Pronto! Em meu ver fizemos um ótimo acordo, pois sabíamos que qualquer um dos três tinha poker o suficiente para ganhar, e como a diferença de valores era muito grande, não valeria a pena correr o risco de se tomar uma bad beat, por exemplo. A partir daí, jogamos pelo troféu, por mais um valor por fora do acordo e por uma vaga no World Championship do WPT, que ocorrerá no Bellagio em abril de 2009, e conta com a presença dos campeões de todas as etapas do WPT.


Que hora para tomar bad beat!!!
Sou o button e vejo AA. Dou raise para $110.000, blinds $20.000/$40.000. Casper Hansen dá call do small blind e Stefan Mattsson volta reraise para $330.000. Eu faço um teatro de dois minutos pensando, pergunto ao Stefan se ele está dando squeeze e empurro all-in de mais 900000 fichas. Casper larga. Stefan, para minha alegria, dá insta-call com QQ... Eu ficaria com aproximadamente $2.300.000 das $3.800.000 fichas totais, mas a primeira carta do flop é uma dama... Eu ainda grito por um ás e até por um flush runner-runner, mas nada ajuda e caio em terceiro lugar – nunca havia sido tão difícil aceitar a expressão “that’s poker”! Mas, infelizmente, é a pura verdade, e um jogador profissional tem que aceitar que os 19% de chances do oponente existem, e que não havia a menor possibilidade de Steffan largar QQ pré-flop em uma mesa com três jogadores apenas. Não posso reclamar, foi uma grande conquista e fiquei muito feliz!

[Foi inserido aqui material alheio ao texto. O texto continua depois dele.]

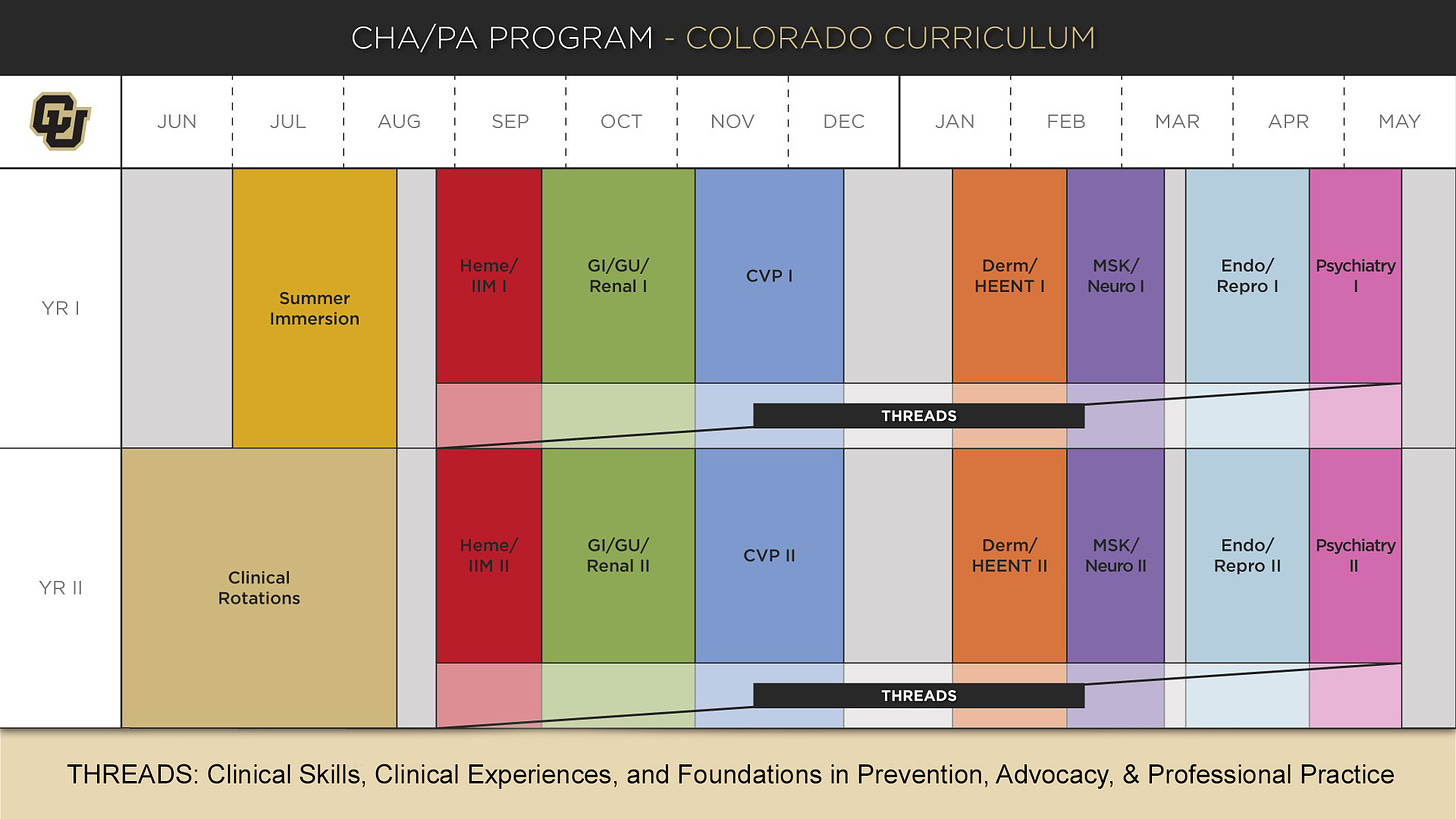 Curriculum Graphic Apr20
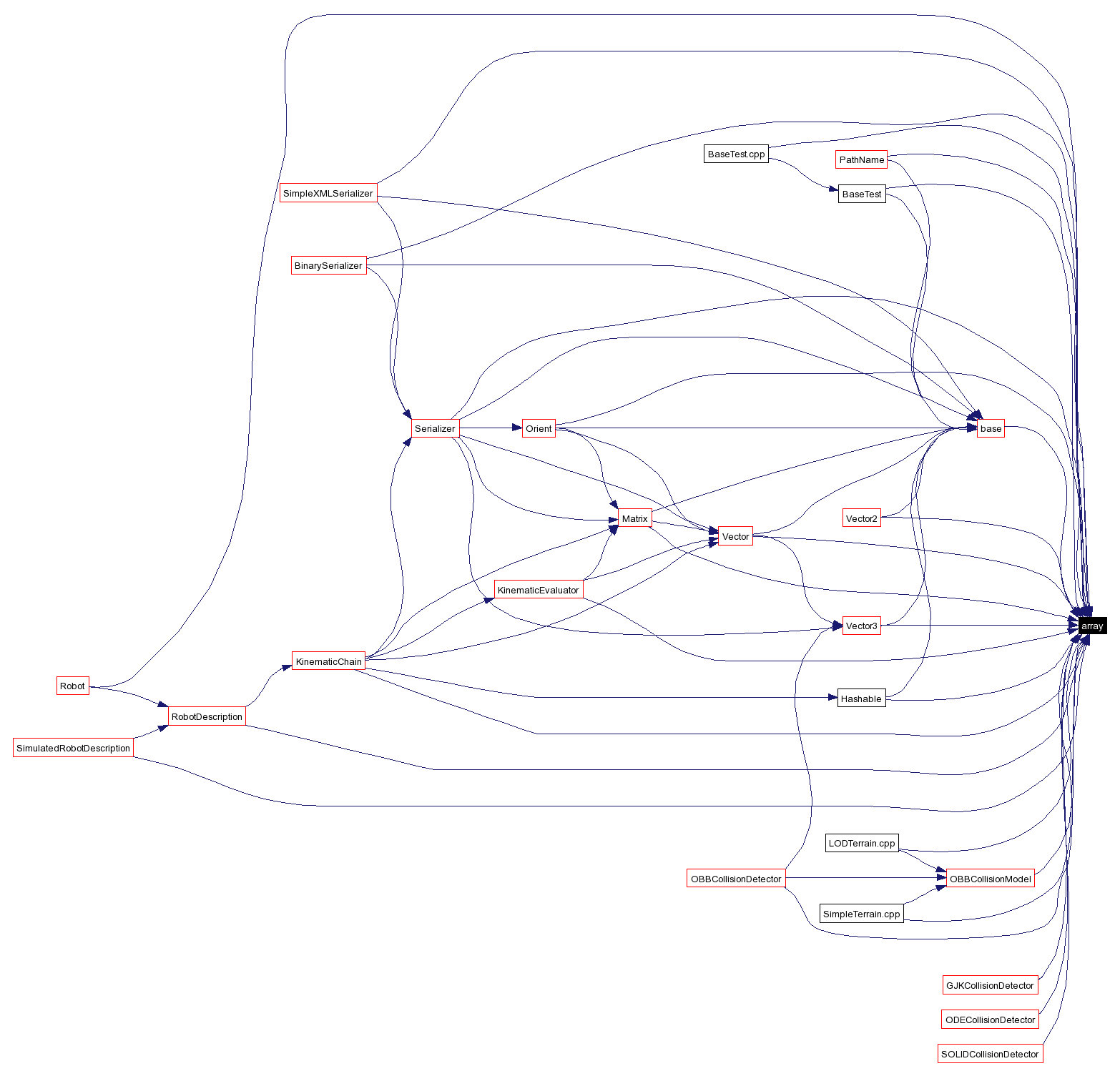 Included by dependency graph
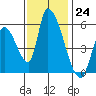 Coyote Hills Slough tide chart for Thursday, November 24, 2022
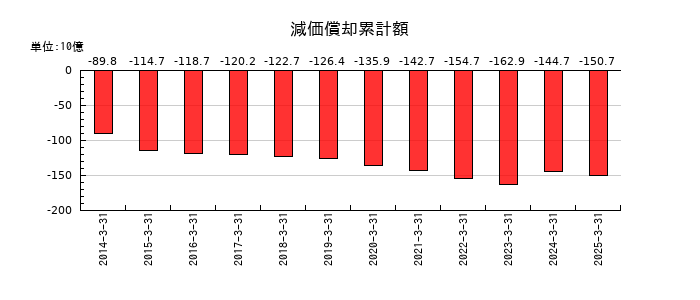 三菱瓦斯化学の減価償却累計額の推移
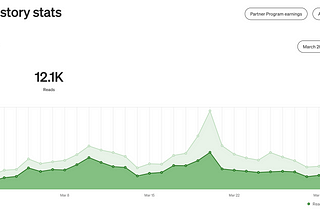 How I Made $474.54 in March on Medium (My Plans Moving Forward)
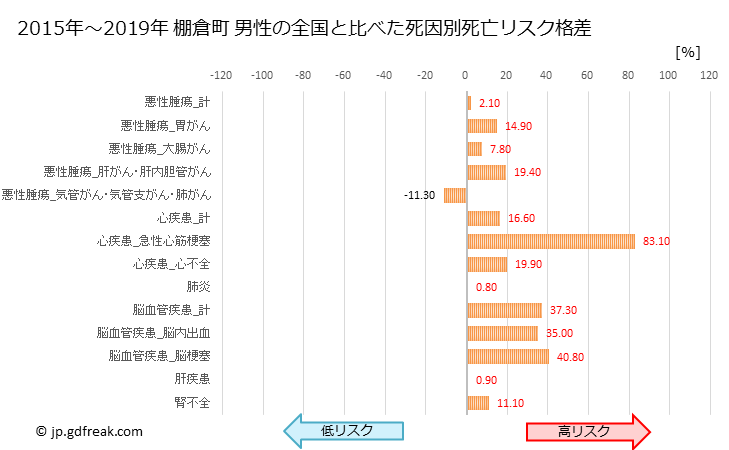 グラフ 年次 棚倉町(福島県)の死亡原因の構成と死亡リスク格差(全国比) 棚倉町 男性の全国と比べた死因別死亡リスク格差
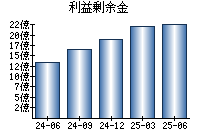 利益剰余金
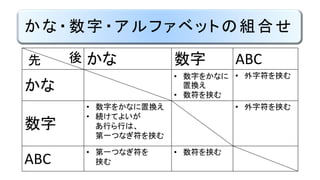 かな・数字・アルファベットの組合せ
かな 数字 ABC
かな
• 数字をかなに
置換え
• 数符を挟む
• 外字符を挟む
数字
• 数字をかなに置換え
• 続けてよいが
あ行ら行は、
第一つなぎ符を挟む
• 外字符を挟む
ABC
• 第一つなぎ符を
挟む
• 数符を挟む
先 後
 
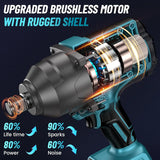 Cordless Impact Wrench — view 7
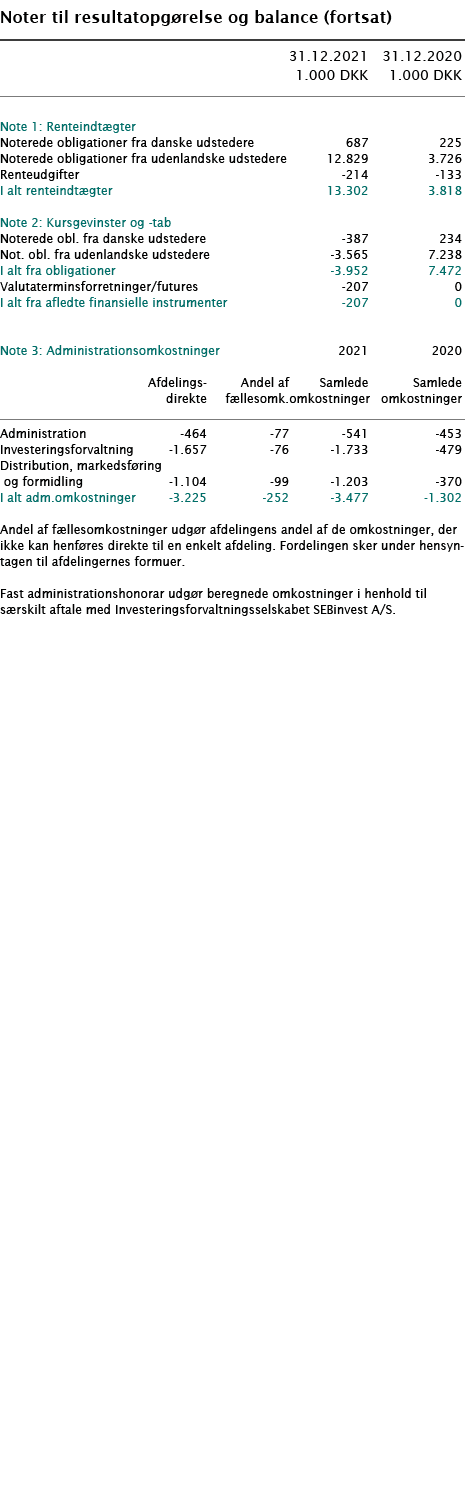   Noter til resultatopgørelse og balance (fortsat)        31 12 2021 31 12 2020  1 000 DKK 1 000 DKK        Note 1: R   
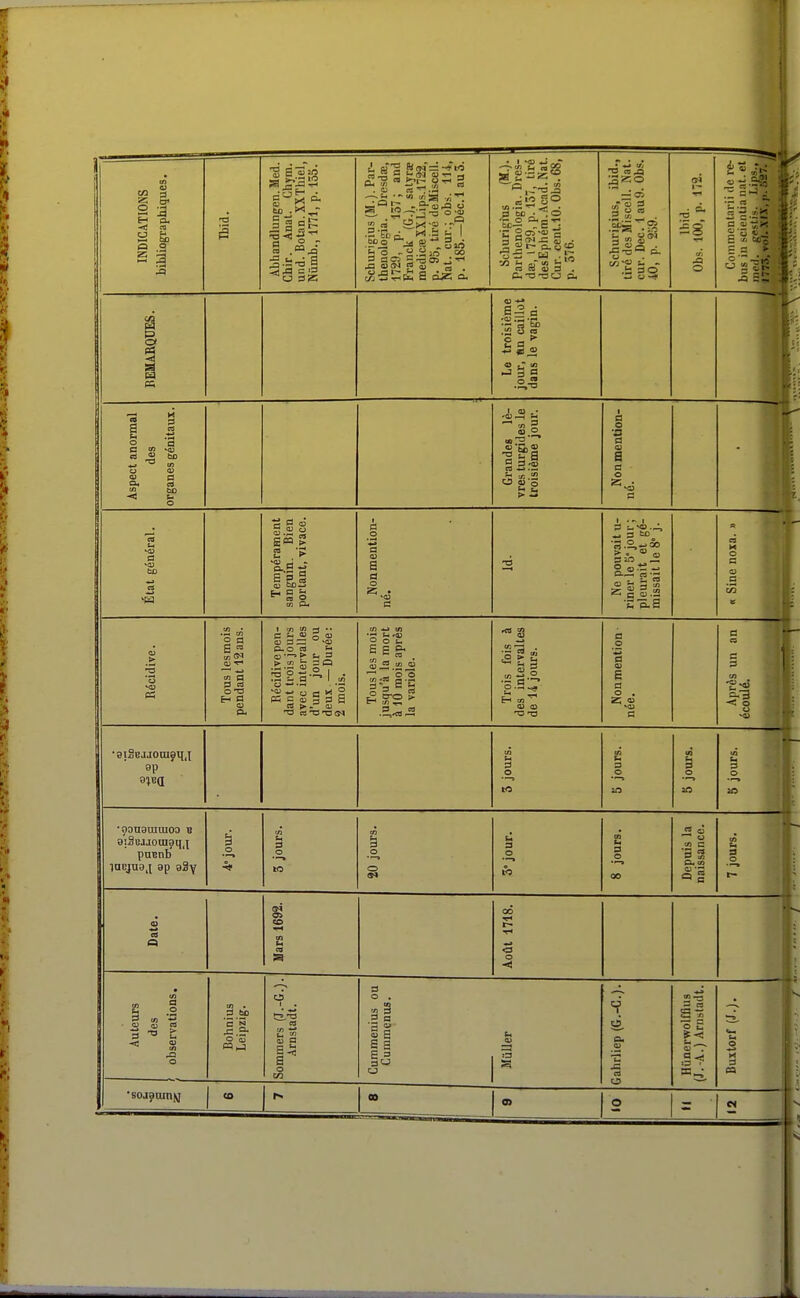 en a « 9 ^ g 2 3  n 55.!-!-g T 3 E j3 eu -^o Or-s-ao a. = ci « s s .2 • .Sfii -S^ .S 3 0 T3 £8 J3 o ;.29, S 'A te: •QJ •S'5 bc .■2 S ra S „ « ul .j s a .2.-S o a ^ t- a a o •s ta v a c J3 i- ^ .-1 ^ p te I •3 2 =• I en (« ^ • = Sii o S &. o « t e—=> t. : P5 c œ 3 'T3 c3 -o 3 a 5 S g- 3^ a-a -s o 9p ê Eh 9 3 0 0 0 10 ia ■oonamiuoo b puBnb -2 « m —• 0 en S 0 1 S 0 en 00 S t- <3 o 2 .2 g S 3 £ 3 bo a's o û) 2 s a g- s a 1 a a 3 30 S 2 S ^ 3 pa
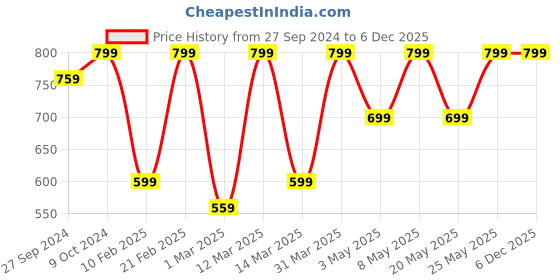 myntra.com Devansh Black Solid Conical Hanging Light devansh Price History Graph from 27 Sep 2024 to 5 Dec 2025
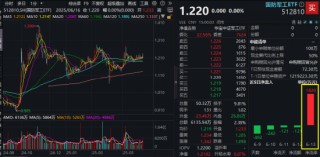 基金份額1拆2，交易門(mén)檻折半降！一文看懂國(guó)防軍工ETF（512810）份額拆分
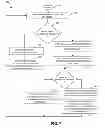 Fig. 08 - Controlling real-time compression detection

Minha alegria é múltipla e não se deve “apenas” ao fato de ter conquistado a terceira colocação em um torneio de tamanha importância. A minha satisfação é infinita por outros inúmeros aspectos, como ter jogado o melhor do meu poker durante os três dias de evento; por ver a imensa torcida brasileira acompanhar minhas jogadas, vibrando a cada pote puxado, a cada oponente eliminado, a cada passo rumo à vitória; ter enfrentado de igual para igual um field dificílimo, com inúmeros profissionais de alto gabarito, mantendo sempre as primeiras posições e mostrando ao mundo que o poker brasileiro chegou para ficar.

Quero aproveitar para agradecer de coração a todos os que torceram por mim e que me enviaram muita energia positiva e palavras de incentivo e de congratulações. Foram dias inesquecíveis e que espero repetir brevemente em Las Vegas. Um grande abraço a todos e até a próxima!